There is some controversy regarding the people around Martin Luther King Jr. at the time, but there's little out there to prove that he was a Communist, and polemics is not necessarily proof, and often isn't.
The FBI feared Levison was working as an "agent of influence" over King, in spite of its own reports in 1963 that Levison had left the Party and was no longer associated in business dealings with them.
[197] Another King lieutenant, Hunter Pitts O'Dell, was also linked to the Communist Party by sworn testimony before the House Un-American Activities Committee (HUAC).

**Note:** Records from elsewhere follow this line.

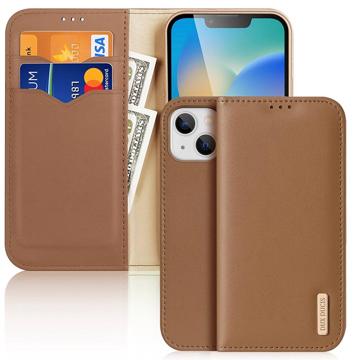 Dux Ducis Hivo iPhone 14 Plus Wallet Leren Hoesje - Bruin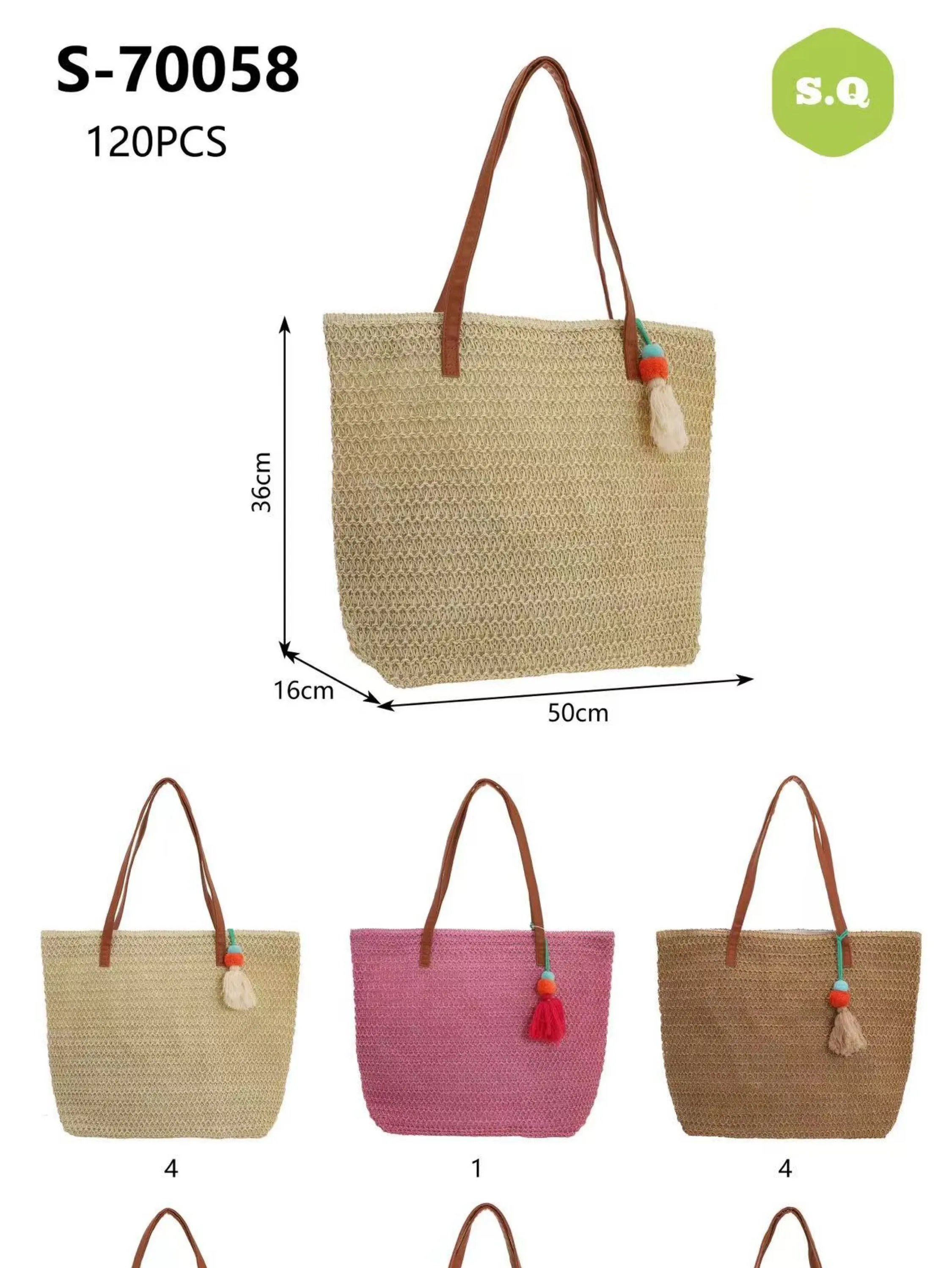 Kit 12pcs bolsa praia 70058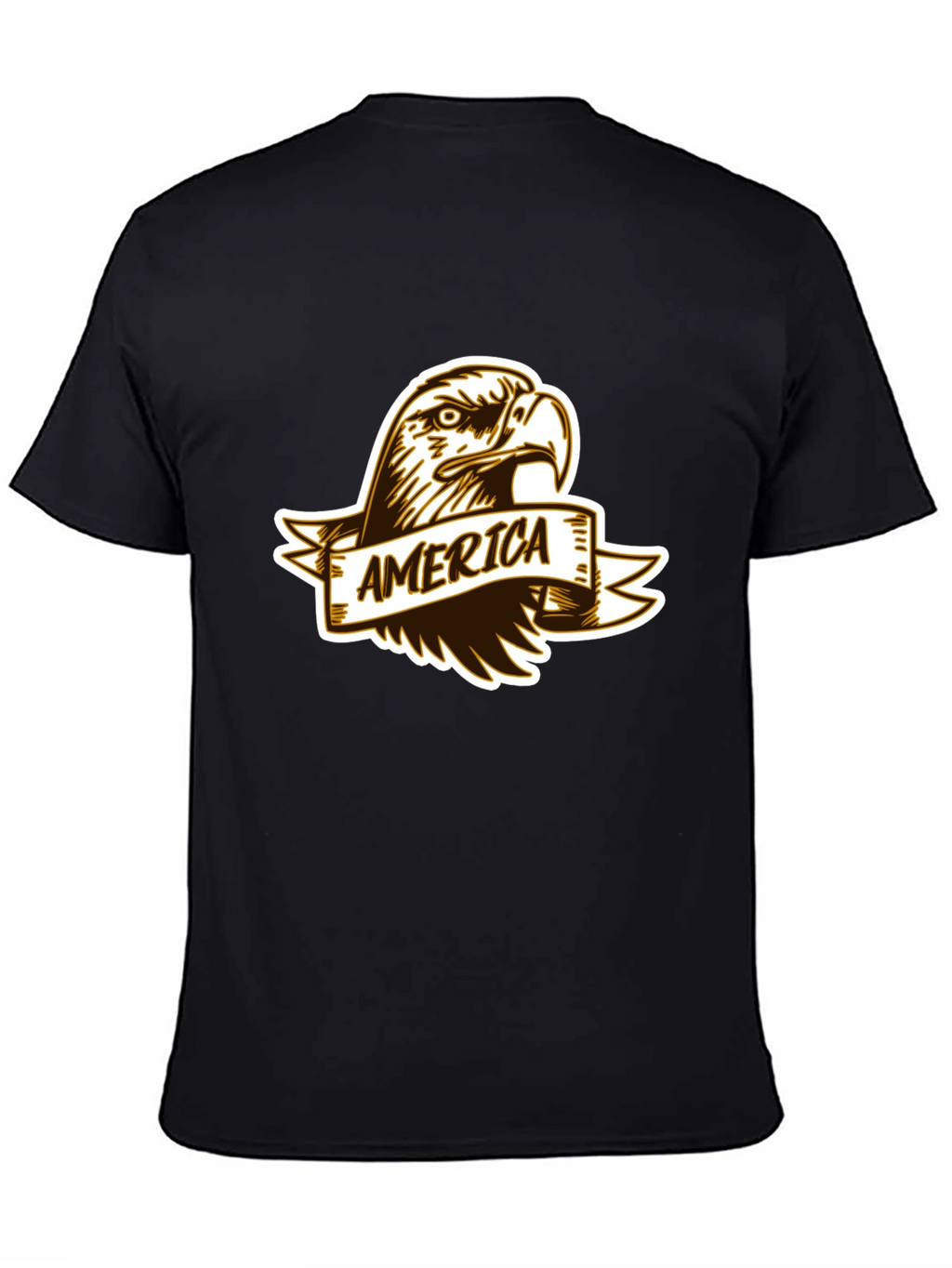 America Eagle Black T-Shirt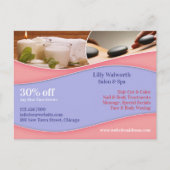 Modèle de carte postale de massage de beauté de Sp (Devant)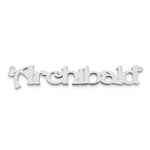 sterling Silver/Rhodium-plated Polished Name Plate view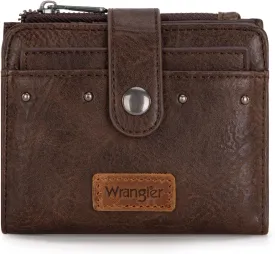 Montana West X Wrangler Womens Wallet Small Women's Wallets, Card Cases & Money Organizers Small Wallets Woman Bifold Credit Card Wallet with Removable ID Window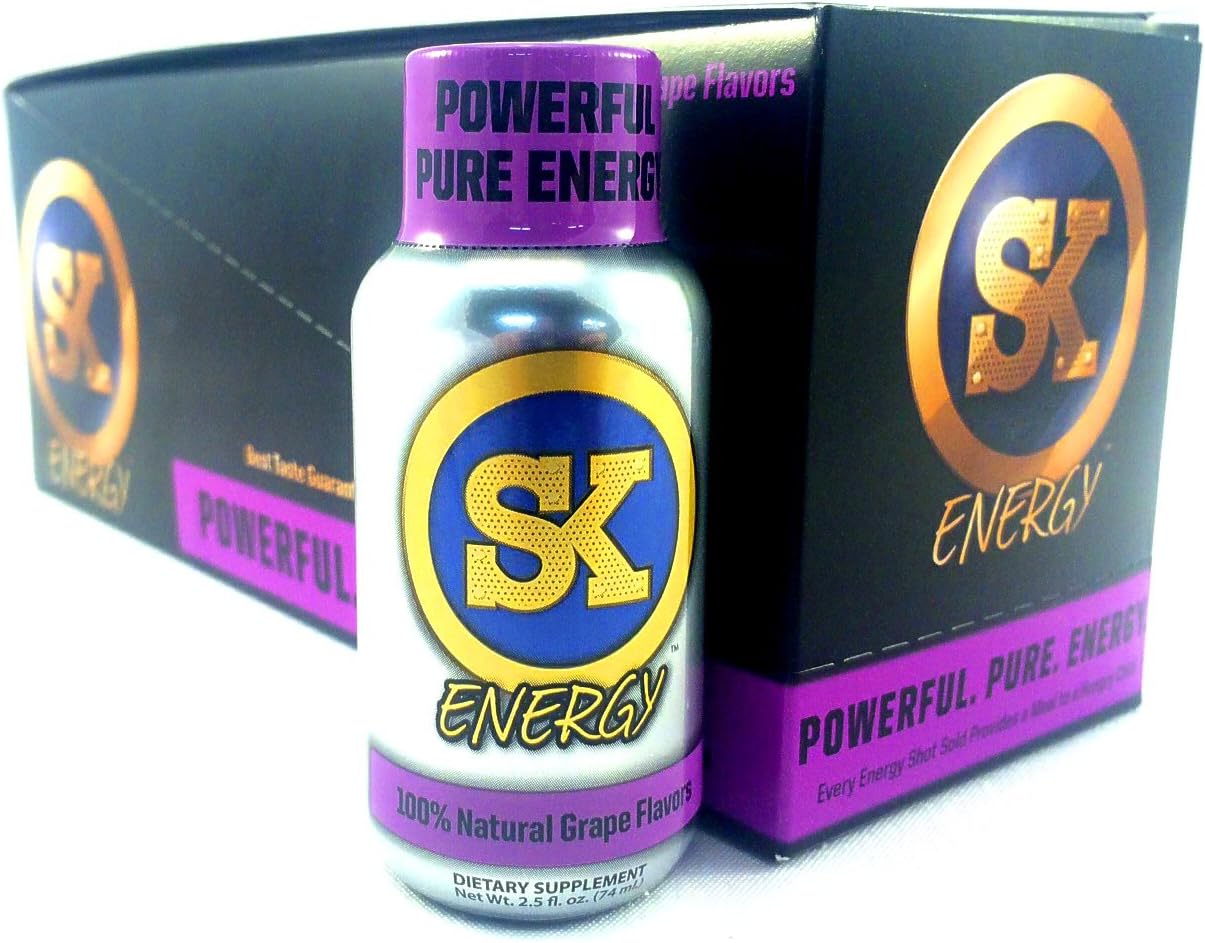 Street Kings 6 Hours of Energy Drink Shots Grape 12 Count A Great Father's Day Gift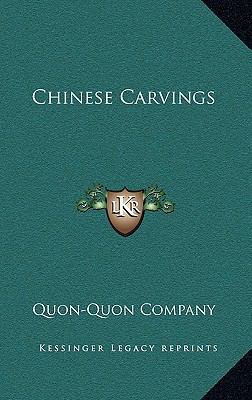 Chinese Carvings 1168676843 Book Cover
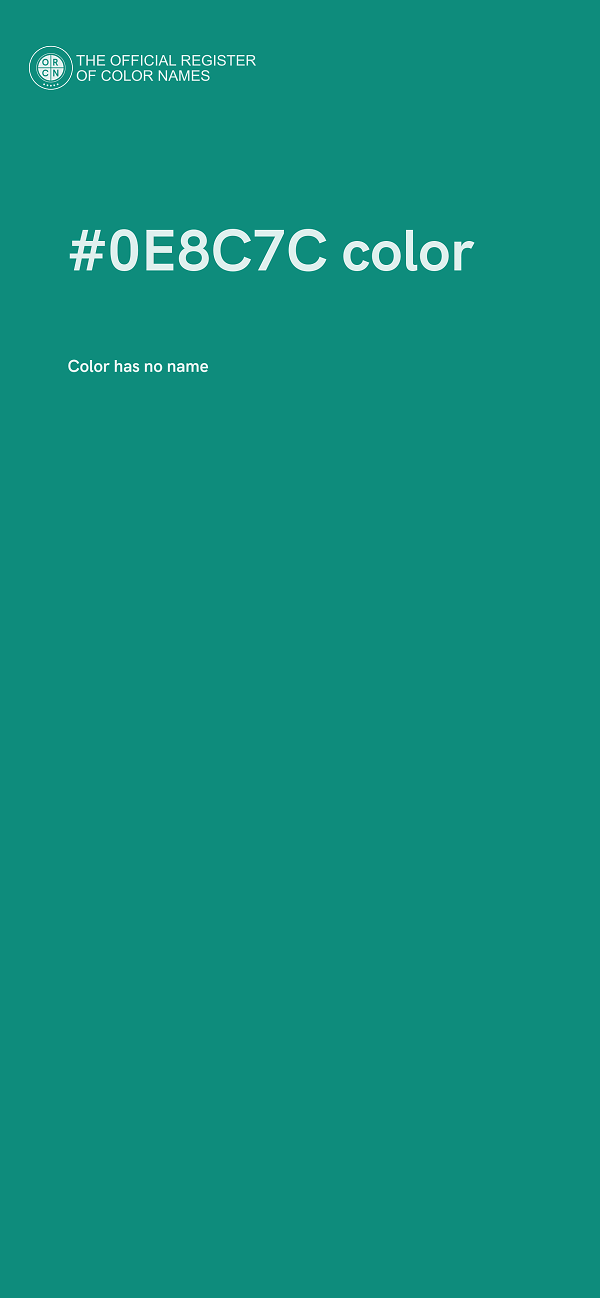 #0E8C7C color image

[198] However, by 1976 the FBI had acknowledged that it had not obtained any evidence that King himself or the SCLC were actually involved with any communist organizations.
[187]
http://en.wikipedia.org/wiki/Martin_luther_king
And this look back from David Horowitz:Don’t believe everything (or anything?) that Dyson writes. King — the King of the Civil Rights Acts was certainly a centrist and even conservative. We on the left — including SNCC and the Panthers and SDS — regarded him with suspicion. We didn’t want integration into the American system which we regarded as the Great Satan. Consequently, King was pushed aside in 1966 and had no following. Under pressure from the left he gave the worst speech of his career — the one about Vietnam — in order to regain his popularity among activists. The later Father John Neuhaus, then a radical, either wrote the speech or had an enormous influence on it. Martin Luther King’s message — America should be a society with a single standard for whites and blacks is anathema to the left and they have spent the last forty years subverting it.